Records provided Block Start

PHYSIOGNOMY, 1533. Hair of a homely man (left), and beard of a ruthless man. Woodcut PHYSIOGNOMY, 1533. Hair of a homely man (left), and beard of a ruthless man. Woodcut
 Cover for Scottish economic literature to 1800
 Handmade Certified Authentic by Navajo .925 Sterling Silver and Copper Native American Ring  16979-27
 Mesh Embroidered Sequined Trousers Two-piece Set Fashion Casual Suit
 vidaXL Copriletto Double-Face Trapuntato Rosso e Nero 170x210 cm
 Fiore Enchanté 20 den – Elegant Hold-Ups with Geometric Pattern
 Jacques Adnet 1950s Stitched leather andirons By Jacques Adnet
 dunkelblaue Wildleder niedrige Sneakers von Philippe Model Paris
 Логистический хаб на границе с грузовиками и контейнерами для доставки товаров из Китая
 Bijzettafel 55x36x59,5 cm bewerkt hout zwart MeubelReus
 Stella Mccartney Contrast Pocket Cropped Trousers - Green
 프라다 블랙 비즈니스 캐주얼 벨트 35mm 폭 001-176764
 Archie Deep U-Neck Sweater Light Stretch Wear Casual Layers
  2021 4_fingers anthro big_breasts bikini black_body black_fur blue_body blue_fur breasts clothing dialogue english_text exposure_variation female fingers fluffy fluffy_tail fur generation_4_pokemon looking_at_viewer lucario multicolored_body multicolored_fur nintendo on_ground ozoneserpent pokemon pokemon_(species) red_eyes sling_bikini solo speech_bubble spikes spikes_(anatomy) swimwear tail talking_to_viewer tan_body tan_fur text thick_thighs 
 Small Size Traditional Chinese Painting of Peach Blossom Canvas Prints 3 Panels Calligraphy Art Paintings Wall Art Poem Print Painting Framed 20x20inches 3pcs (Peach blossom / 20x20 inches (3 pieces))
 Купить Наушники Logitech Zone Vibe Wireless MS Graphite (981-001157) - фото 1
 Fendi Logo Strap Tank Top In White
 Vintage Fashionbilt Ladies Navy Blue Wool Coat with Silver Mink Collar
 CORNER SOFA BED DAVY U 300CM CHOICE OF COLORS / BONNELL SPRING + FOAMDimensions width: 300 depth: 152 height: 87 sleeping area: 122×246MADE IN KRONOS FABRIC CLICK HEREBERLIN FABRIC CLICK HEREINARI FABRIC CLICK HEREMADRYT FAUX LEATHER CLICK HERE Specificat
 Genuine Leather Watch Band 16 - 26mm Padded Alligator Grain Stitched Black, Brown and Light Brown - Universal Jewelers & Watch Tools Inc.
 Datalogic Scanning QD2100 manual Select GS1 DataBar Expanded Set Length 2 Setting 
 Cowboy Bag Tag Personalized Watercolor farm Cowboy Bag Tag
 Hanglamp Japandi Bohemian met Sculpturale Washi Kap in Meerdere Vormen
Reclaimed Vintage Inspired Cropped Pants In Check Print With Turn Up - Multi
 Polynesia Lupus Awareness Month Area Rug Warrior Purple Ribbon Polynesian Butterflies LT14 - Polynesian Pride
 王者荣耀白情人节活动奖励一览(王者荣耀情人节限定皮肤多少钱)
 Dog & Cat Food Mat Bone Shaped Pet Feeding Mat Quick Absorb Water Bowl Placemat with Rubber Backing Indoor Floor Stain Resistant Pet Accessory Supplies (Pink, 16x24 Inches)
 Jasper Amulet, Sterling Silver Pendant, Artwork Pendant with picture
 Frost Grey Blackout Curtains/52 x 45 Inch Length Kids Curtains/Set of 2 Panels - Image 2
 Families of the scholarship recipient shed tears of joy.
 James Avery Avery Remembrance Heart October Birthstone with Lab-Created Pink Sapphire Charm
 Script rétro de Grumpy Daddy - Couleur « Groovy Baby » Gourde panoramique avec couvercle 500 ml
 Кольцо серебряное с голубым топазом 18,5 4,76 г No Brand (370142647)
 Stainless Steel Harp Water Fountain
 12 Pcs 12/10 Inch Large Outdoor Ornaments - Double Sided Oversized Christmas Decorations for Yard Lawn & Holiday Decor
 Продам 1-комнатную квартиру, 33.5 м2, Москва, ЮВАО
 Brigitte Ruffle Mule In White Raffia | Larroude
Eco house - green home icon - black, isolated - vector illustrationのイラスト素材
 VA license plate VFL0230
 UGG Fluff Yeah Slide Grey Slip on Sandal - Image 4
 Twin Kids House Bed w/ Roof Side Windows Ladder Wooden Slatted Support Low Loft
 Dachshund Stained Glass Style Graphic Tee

Records provided Block End

### Exercise requirements
The line containing "Cowboy Bag Tag Personalized" begins the span, and the last line of the records above ends it. Return that span exactly, and nothing outside it.

### Answer to this task
 Cowboy Bag Tag Personalized Watercolor farm Cowboy Bag Tag
 Hanglamp Japandi Bohemian met Sculpturale Washi Kap in Meerdere Vormen
Reclaimed Vintage Inspired Cropped Pants In Check Print With Turn Up - Multi
 Polynesia Lupus Awareness Month Area Rug Warrior Purple Ribbon Polynesian Butterflies LT14 - Polynesian Pride
 王者荣耀白情人节活动奖励一览(王者荣耀情人节限定皮肤多少钱)
 Dog & Cat Food Mat Bone Shaped Pet Feeding Mat Quick Absorb Water Bowl Placemat with Rubber Backing Indoor Floor Stain Resistant Pet Accessory Supplies (Pink, 16x24 Inches)
 Jasper Amulet, Sterling Silver Pendant, Artwork Pendant with picture
 Frost Grey Blackout Curtains/52 x 45 Inch Length Kids Curtains/Set of 2 Panels - Image 2
 Families of the scholarship recipient shed tears of joy.
 James Avery Avery Remembrance Heart October Birthstone with Lab-Created Pink Sapphire Charm
 Script rétro de Grumpy Daddy - Couleur « Groovy Baby » Gourde panoramique avec couvercle 500 ml
 Кольцо серебряное с голубым топазом 18,5 4,76 г No Brand (370142647)
 Stainless Steel Harp Water Fountain
 12 Pcs 12/10 Inch Large Outdoor Ornaments - Double Sided Oversized Christmas Decorations for Yard Lawn & Holiday Decor
 Продам 1-комнатную квартиру, 33.5 м2, Москва, ЮВАО
 Brigitte Ruffle Mule In White Raffia | Larroude
Eco house - green home icon - black, isolated - vector illustrationのイラスト素材
 VA license plate VFL0230
 UGG Fluff Yeah Slide Grey Slip on Sandal - Image 4
 Twin Kids House Bed w/ Roof Side Windows Ladder Wooden Slatted Support Low Loft
 Dachshund Stained Glass Style Graphic Tee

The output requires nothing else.